*Diklat Camat 2025 dan Beban Rp 33 Miliar: Investasi Kinerja atau Seremonial Rutin?*
Kementerian Dalam Negeri melalui Badan Pengembangan Sumber Daya Manusia (BPSDM) kembali menggulirkan program Pendidikan dan Pelatihan Kepamongprajaan bagi Camat Angkatan X–XIV Tahun 2025. Kegiatan ini dijadwalkan berlangsung pada 4–8 Agustus 2025 di BW Kemayoran Hotel & Convention, Jakarta.
Secara administratif, kegiatan ini bertujuan meningkatkan kapasitas kepemimpinan dan pelayanan camat di seluruh Indonesia.
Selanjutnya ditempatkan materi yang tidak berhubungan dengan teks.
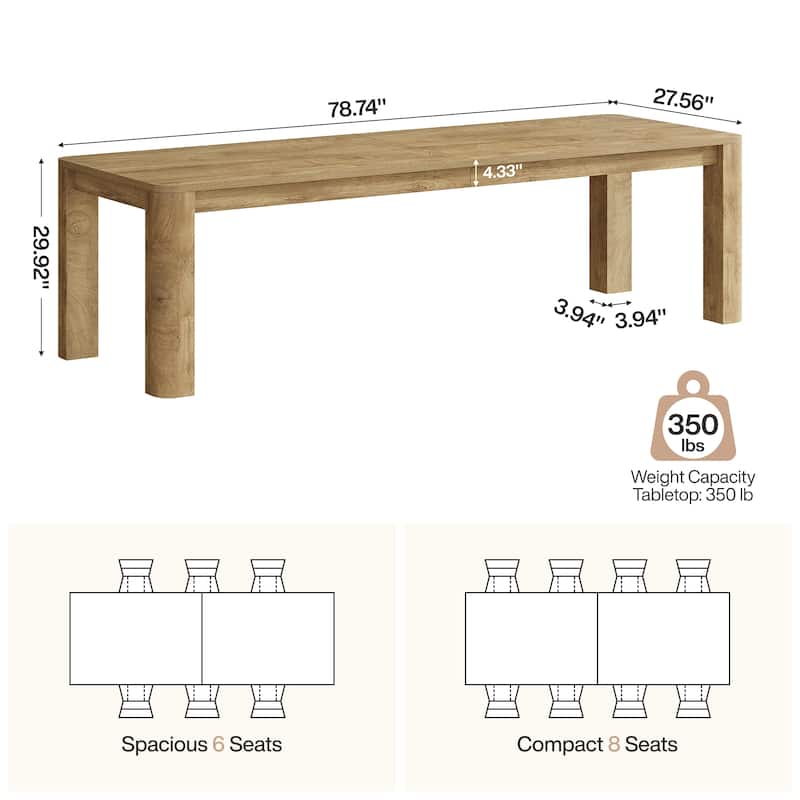 78.7-Inch Long Dining Table for 6-8, Farmhouse & Rounded Edges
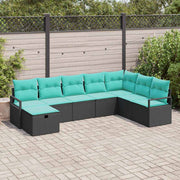 Bankstel poly rattan 8-delig zwart met opbergruimte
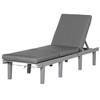 Resenkos Adjustable Chaise Lounge Chair - 4-Way Backrest Cushion, Reclining Beach Chair for Deck, Pool & Lawn Relaxation, Natural Wood - 2 of 4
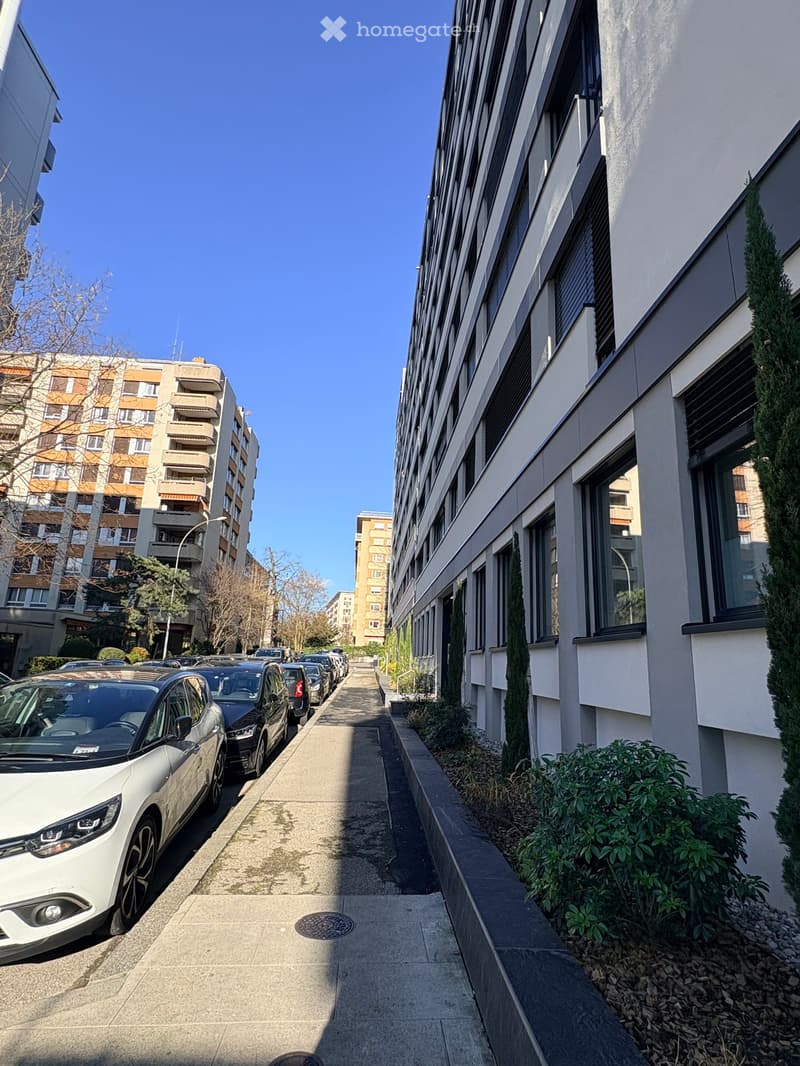 A street with parked cars, a sidewalk, and a building with many windows and balconies.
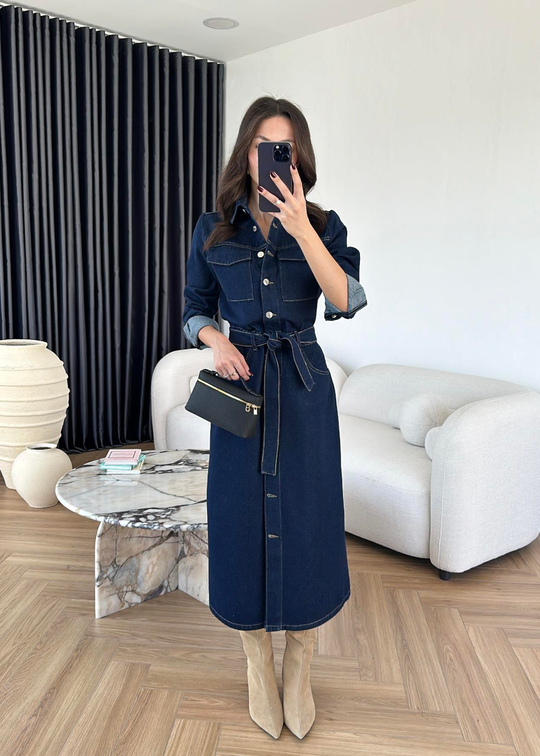 Denim Uzun Elbise Koyu Mavi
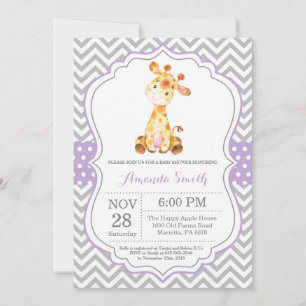 Invitation Baby shower Giraffe violet et gris
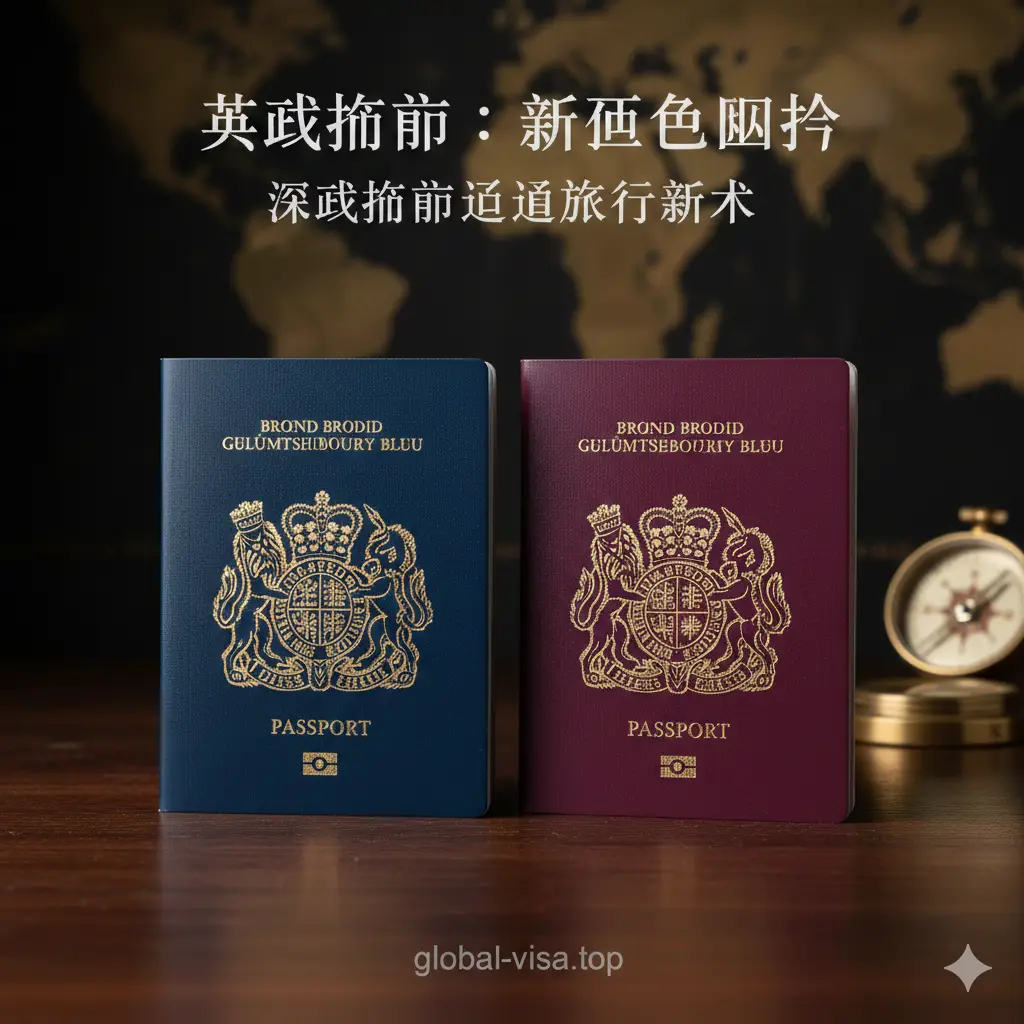 一张高分辨率的演播室摄影图，展示新的深蓝色（Bloomsbury Blue）英国护照与旧版酒红色护照并排放在一张抛光的深色橡木桌上。柔和的侧光突出了封面上的金色皇家徽章压纹，使其在深色背景下熠熠生辉。背景模糊处理，隐约可见一张复古世界地图和黄铜指南针，象征着国际旅行的历史变迁。整体色调稳重、专业且具有权威感，视觉焦点集中在两种护照颜色的鲜明对比上，非常适合作为文章封面。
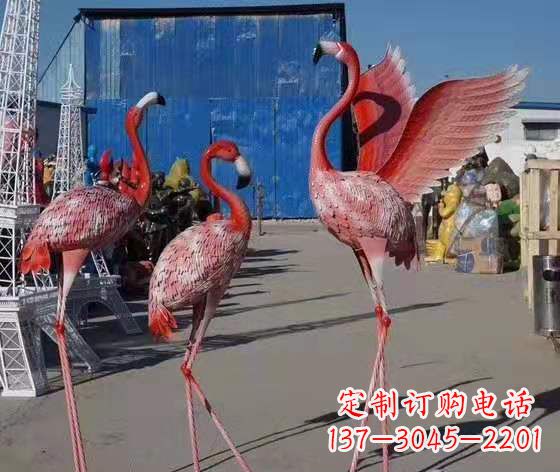 威海玻璃钢仿真火烈鸟雕塑广场景观雕塑户外摆件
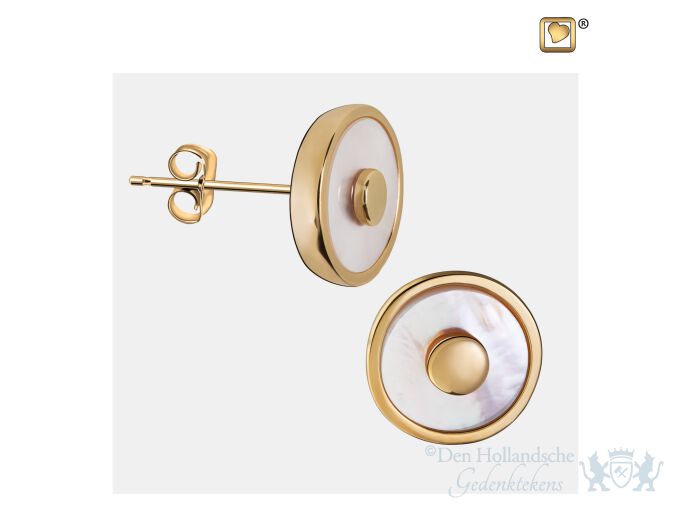 Mother of Pearl Stud Earrings Pol Gold Vermeil foto 1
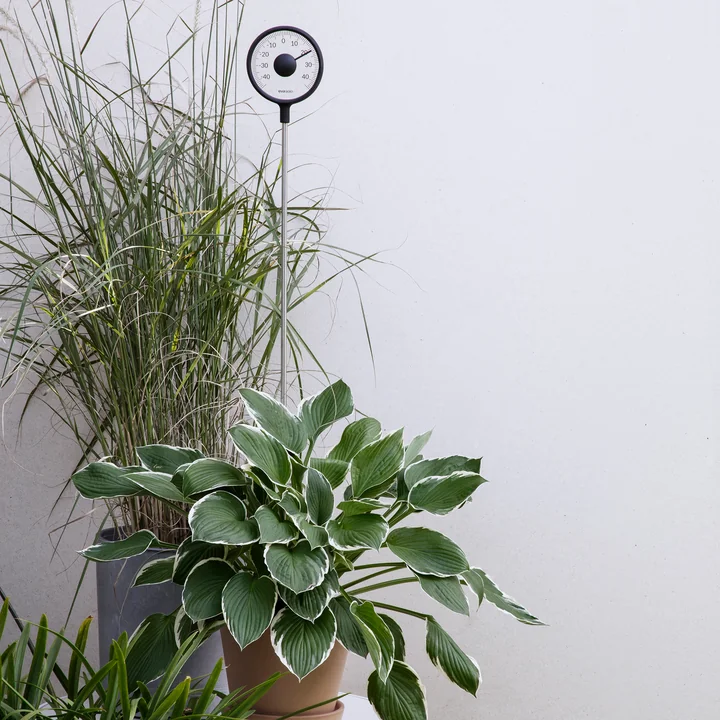 Thermomètre d'extérieur de Eva Solo de couleur noire (avec tige)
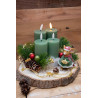 Adventsgesteck Weihnachtsmaus LED Kerzen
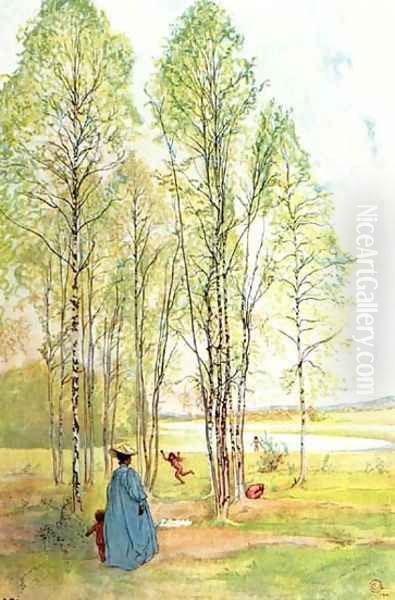 Outing Oil Painting by Carl Larsson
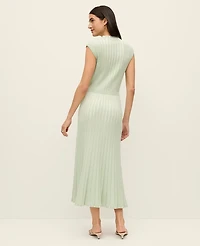 Ann Taylor Petite Ribbed Mock Neck Sweater Dress Green Multi Women's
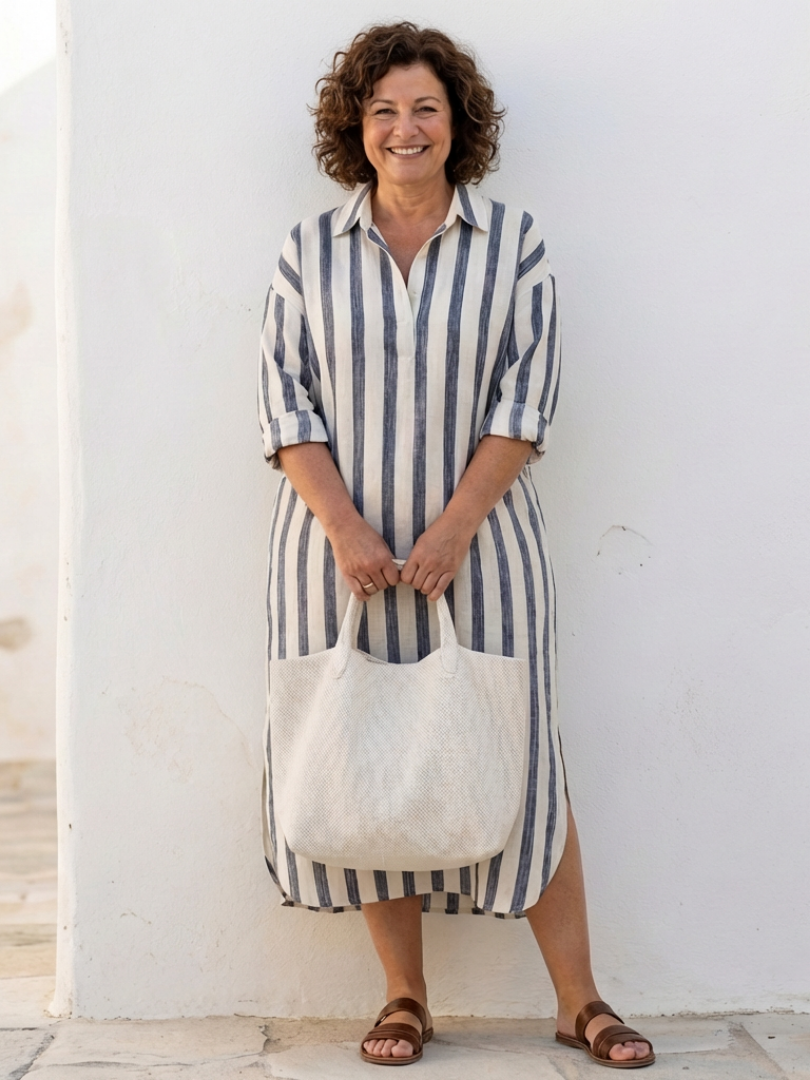 Manuela | Damen Gestreiftes Midikleid mit langen Ärmeln und Hemdkragen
Namun di balik narasi peningkatan kapasitas, publik patut mempertanyakan: berapa besar biaya yang dikucurkan, dan apakah benar sebanding dengan dampaknya di lapangan?
💰 Beban Kolektif Rp 33 Miliar Lebih
Biaya yang dikenakan kepada peserta dalam surat resmi BPSDM Kemendagri mencakup:
Biaya diklat (PNBP): Rp 3.025.000
Biaya akomodasi & konsumsi: Rp 1.500.000
Biaya transportasi & uang saku: dibebankan masing-masing instansi pengirim (APBD)
Dengan jumlah kecamatan di Indonesia mencapai ±7.277, estimasi total beban biaya negara dan daerah mencapai:
Komponen Biaya Per Camat Total Nasional (7.277 Camat)
PNBP (Diklat) Rp 3.025.000 Rp 22.020.925.000
Akomodasi & Konsumsi Rp 1.500.000 Rp 10.915.500.000
Total Minimal Rp 4.525.000 Rp 32.936.425.000 (± Rp 33 M)
Ini belum termasuk biaya transportasi dan uang harian yang dibebankan ke APBD daerah. Jika dirata-ratakan Rp 1 juta per peserta, maka anggaran membengkak hingga ±Rp 40 miliar secara nasional.
📉 Efektivitas Dipertanyakan
Pelatihan bagi aparatur pemerintah adalah bagian penting dari pengembangan SDM. Namun, tanpa indikator keberhasilan yang jelas dan tanpa evaluasi pasca pelatihan, kegiatan ini rentan menjadi agenda seremonial yang menguras anggaran.
Tidak jarang pelatihan hanya menjadi ajang kehadiran formal dan formalitas sertifikasi, tanpa memberikan peningkatan nyata dalam kualitas kepemimpinan dan pelayanan publik di kecamatan masing-masing.
🏢 Lokasi Mewah: Kontras dengan Kondisi Lapangan
Pemilihan hotel berbintang di ibu kota untuk pelatihan camat, sementara masih banyak kecamatan yang beroperasi dengan sarana dan prasarana terbatas, menjadi ironi tersendiri. Hal ini menimbulkan kesan bahwa program pelatihan lebih berorientasi pada kemewahan fasilitas ketimbang kualitas substansi.
🔄 Rekomendasi Perbaikan:
1. Evaluasi Substansi Pelatihan: Kemendagri perlu menerapkan sistem umpan balik berbasis proyek atau kinerja pasca pelatihan.
2. Efisiensi Format: Pelatihan dapat dilakukan secara daring atau berbasis regional untuk memangkas biaya.
3. Keterbukaan Anggaran Daerah: Publik perlu tahu berapa APBD yang digunakan daerah untuk mengirim peserta.
4. Relevansi Materi: Materi pelatihan harus sesuai dengan kebutuhan nyata camat di lapangan, bukan sekadar teori.
📌 Penutup
Jika pelatihan ini tidak diikuti oleh reformasi substansial, maka publik berhak menyebutnya sebagai bentuk pemborosan sistemik anggaran negara. Rp 33 miliar yang dihabiskan untuk pelatihan seharusnya dapat dimanfaatkan untuk memperbaiki layanan dasar seperti infrastruktur desa, layanan publik digital, atau peningkatan gizi masyarakat.
Sudah saatnya pelatihan aparatur tidak sekadar menjadi rutinitas tahunan, melainkan menjadi motor perubahan konkret bagi tata kelola pemerintahan di tingkat paling dekat dengan rakyat.